The other side of the blanket is an entirely different look. It is called Ghudri embroidery. I was enthralled with the stitching, being handwork challenged myself, and I tried to imagine sitting all day and stitching these blankets. But I just COULD’NT!
This hand-embroidered Kantha shawl was another drool-over item. This style of embroidery is done in West Bengal, and the style often includes motifs from daily and village life or animals. The color, the detail, the motifs – Yumbalia!
In the last room there is a big showroom of fabrics that the company produces themselves in silk, cotton, and wool. You can buy by the yard, the bolt, or by special order. This was where we found some amazing Ghudri scarves. Again – the color was spectacular – you just want to eat it!
My mind was spinning at how beautiful these amazing textiles would look in my quilts.
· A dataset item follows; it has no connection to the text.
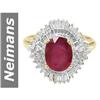 Image 1 : 2.82 ct Ruby & Diamond Ring 14kt Gold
It would be so rich and luxurious and exciting! A chair make of silk, a quilt with that gorgeous Ghudri embroidery, a piece of that emerald green sari in something – mind-blowing!
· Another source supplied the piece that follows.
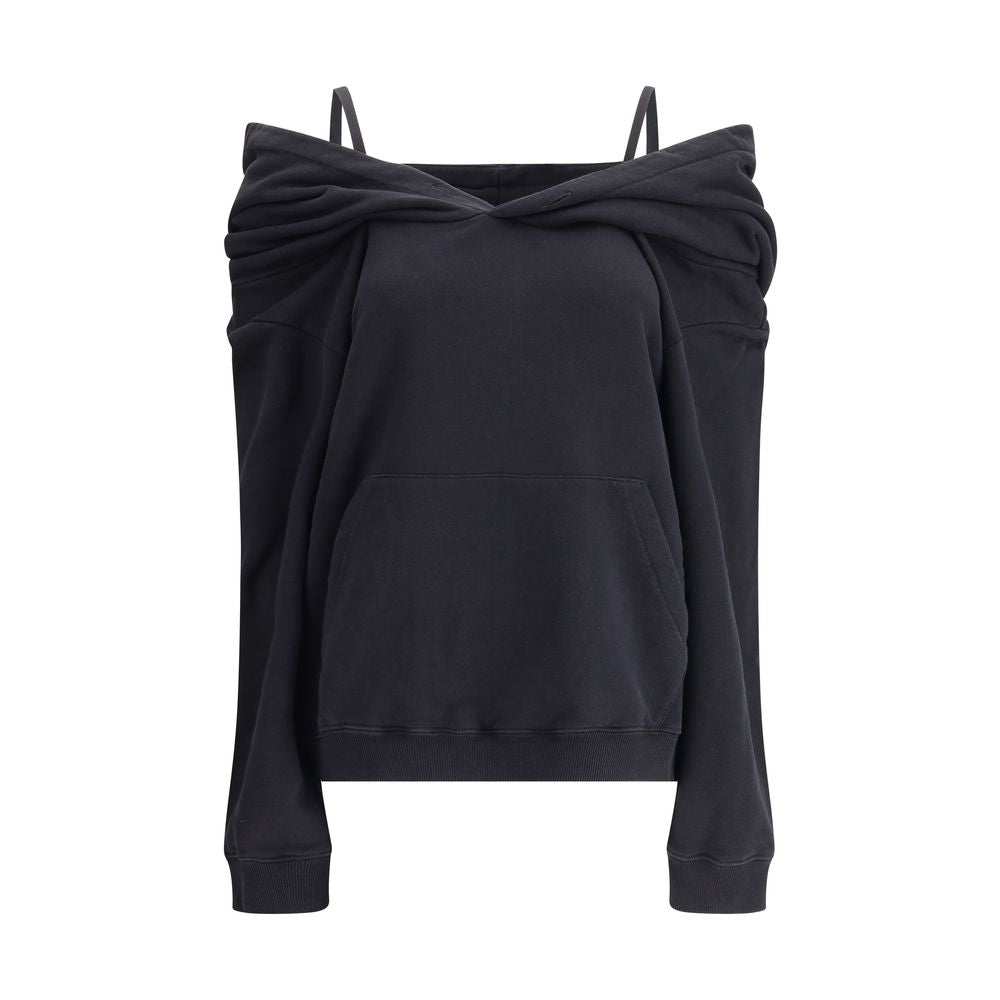 MM6 Black Cotton Sweatshirt | Regal Royce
I was thinking, how can I use this fabric? I can’t cut it up. Silk is really hard to work with. I will spend this money and wreck it! Ugh!
So often I hear quilters and crafters say, “I could never…” I could never use that fabric. I could never use silk. I could never make my own pattern. I could never do curves. You get the picture!
I know the feeling. When I started quilting I made only quilts with squares, because, “I could never make triangles! They are too hard!” But we all know in our hearts that we can use ANYTHING we can get our hands on! If anyone on the planet can sew silk, why can’t we? If anyone else can design something, so can we. It is about taking risk, being brave, being open to the possibilities that happen as you go, and being willing to compromise and improvise. I find that when a project doesn’t go as planned, it sometimes turns out even better. Being willing to take a chance and fail is brave – and you can do it! I say so.
If you get out to Fourth Street any time, check out Color Loom at 1425 4th Street. You will be so inspired and excited! They also have a wonderful website for more info at http://www.colorloom.com.
I guarantee you will never go on as wet a day as we did! But if it’s raining, take a paddle just in case!